Snorkeling In The Red Sea
When you think of Egypt, chances are, the last thing you envision are crystal waters, tropical fish and vibrant coral reefs. And while the Caribbean, Mexico and Australia’s Great Barrier Reef seem to get all the attention when it comes to experiencing some of the ocean’s most astounding underwater attractions, many will argue that Egypt’s Red Sea hosts some of the top snorkeling experiences in the world.

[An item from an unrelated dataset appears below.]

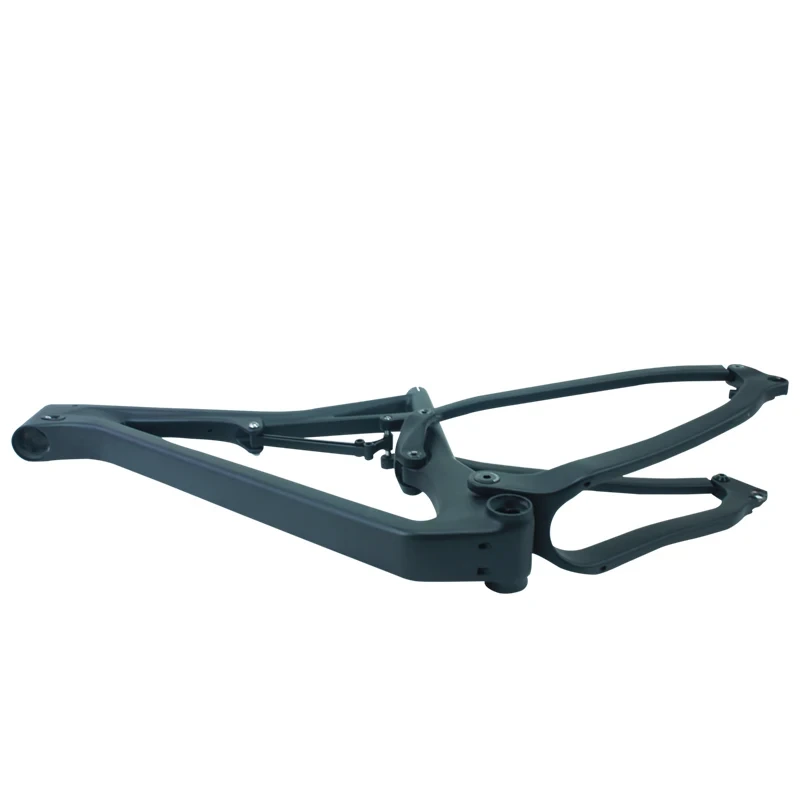 Promotion de vente à chaud T800 Cadre de vélo de montagne en fibre de carbone 29 pouces Suspension complète Cadre MTB Ultra Lightweight Competition Cadre de vélo 1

With water temperatures hovering in the mid-80s during the summer months and excellent visibility, more than 1,000 unique species of fish, 200 species of coral and a famously large population of endemic ocean species, Egypt’s Red Sea is sure to spoil any other snorkeling experience. Sharks, dolphins, gorgonian fans and feather stars are also not uncommon sights in Egyptian waters, drawing a broad range of underwater enthusiasts, from beginning snorkelers to experienced divers.
Places To Go
After Cairo, Egypt’s capital, Hurghada is one of the most visited cities in the country. The beach resort town, set along Egypt’s coast, is well known for its snorkeling and diving, as well as its vibrant nightlife and shopping destinations. However, what is now a booming, populated city was once a small fishing village, and it is this ocean-steeped heritage which seems to have remained despite the modernization. Meanwhile, nearby enclaves such as Sharm El Naga, Makadi Bay and Soma Bay also offer sandy beaches, reef cliffs and premium resort experiences.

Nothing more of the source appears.